----- Given information

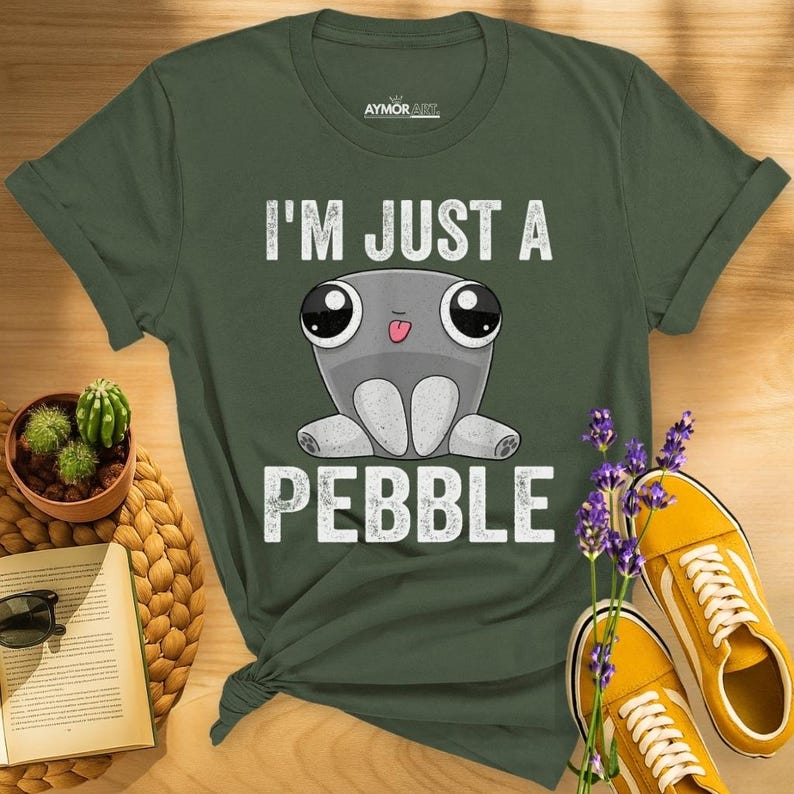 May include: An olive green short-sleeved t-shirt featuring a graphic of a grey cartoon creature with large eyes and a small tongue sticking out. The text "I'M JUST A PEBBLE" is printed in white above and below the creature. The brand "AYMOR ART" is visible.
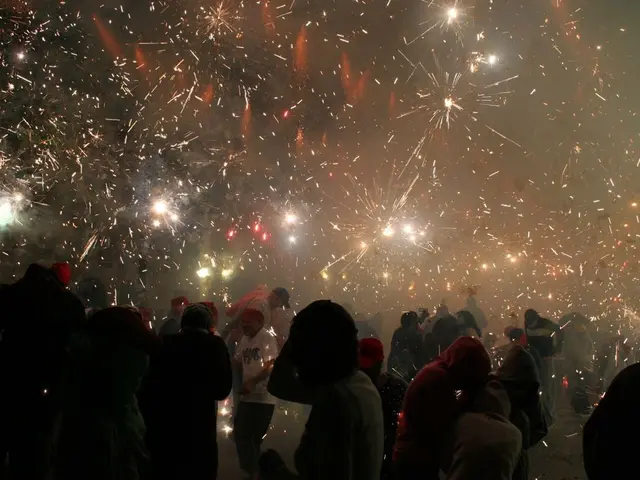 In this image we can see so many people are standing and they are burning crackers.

----------
----- Given information

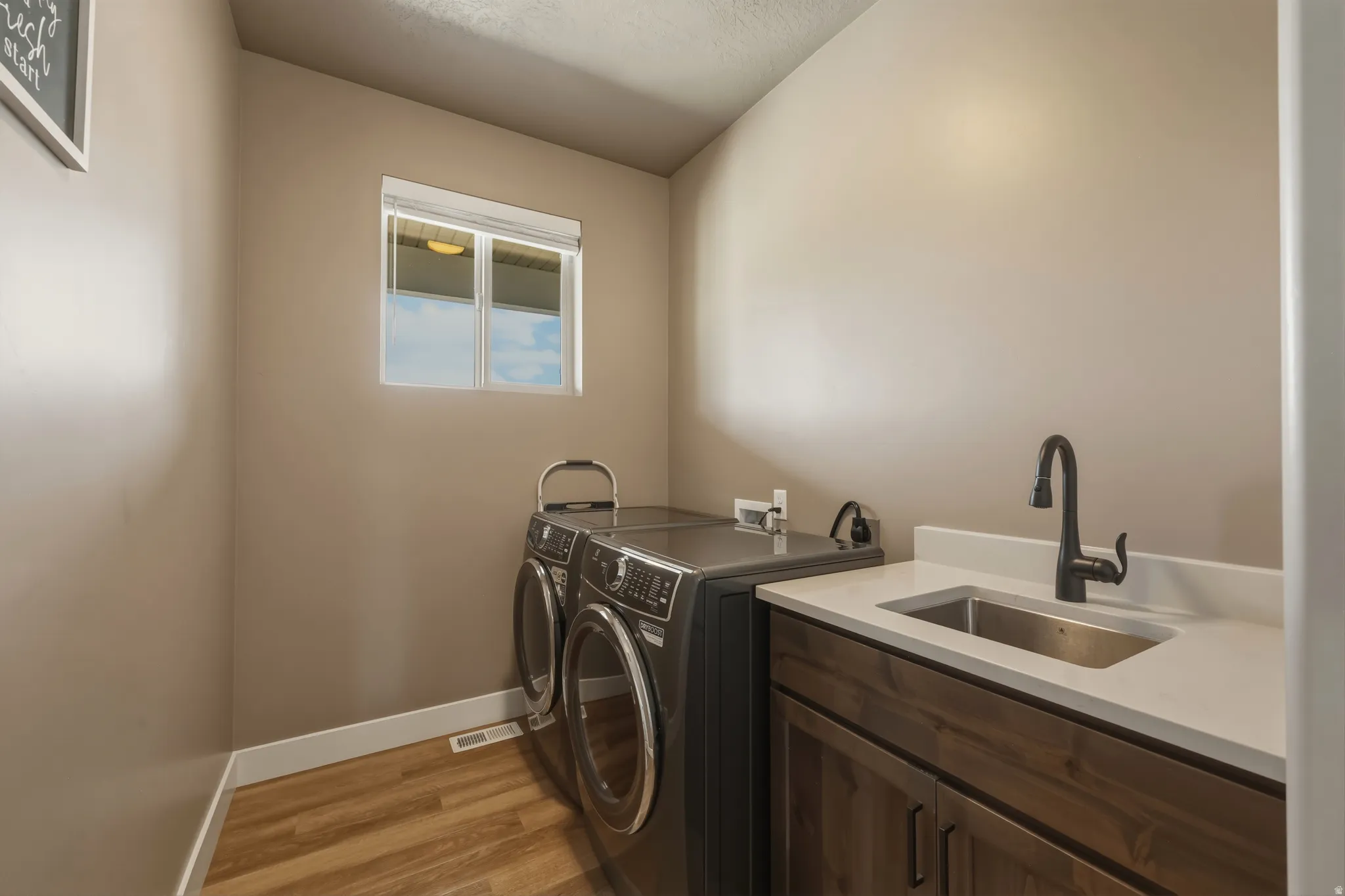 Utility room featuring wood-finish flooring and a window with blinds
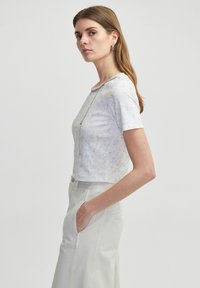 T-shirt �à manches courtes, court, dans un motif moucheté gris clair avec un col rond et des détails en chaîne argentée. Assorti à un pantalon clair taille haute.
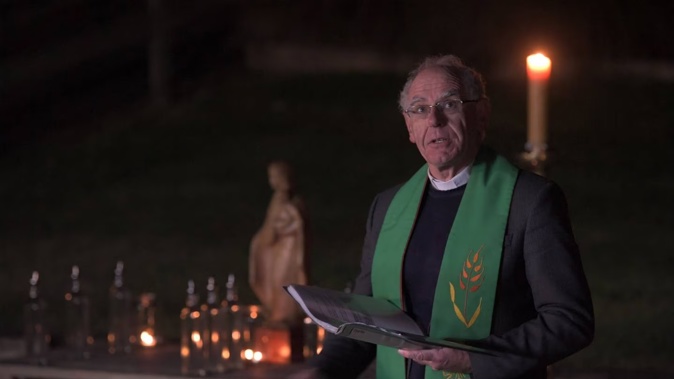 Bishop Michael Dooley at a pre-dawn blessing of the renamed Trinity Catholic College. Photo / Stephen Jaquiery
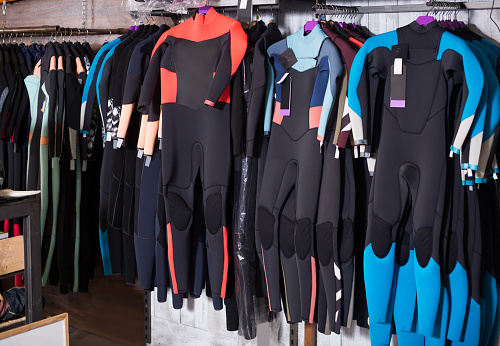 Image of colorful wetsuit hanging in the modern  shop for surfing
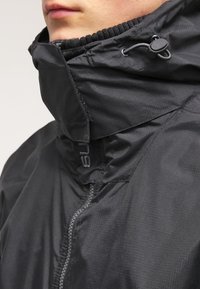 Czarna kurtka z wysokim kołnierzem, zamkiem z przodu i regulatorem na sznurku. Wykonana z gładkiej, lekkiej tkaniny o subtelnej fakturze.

----------

**Your assignment**
Copy nothing but the lines above from the one with "Bishop Michael Dooley" to the one with "Czarna kurtka z", inclusive, word for word. Leave every picture out.

**Solution for this task**
 Bishop Michael Dooley at a pre-dawn blessing of the renamed Trinity Catholic College. Photo / Stephen Jaquiery
 Image of colorful wetsuit hanging in the modern  shop for surfing
 Czarna kurtka z wysokim kołnierzem, zamkiem z przodu i regulatorem na sznurku. Wykonana z gładkiej, lekkiej tkaniny o subtelnej fakturze.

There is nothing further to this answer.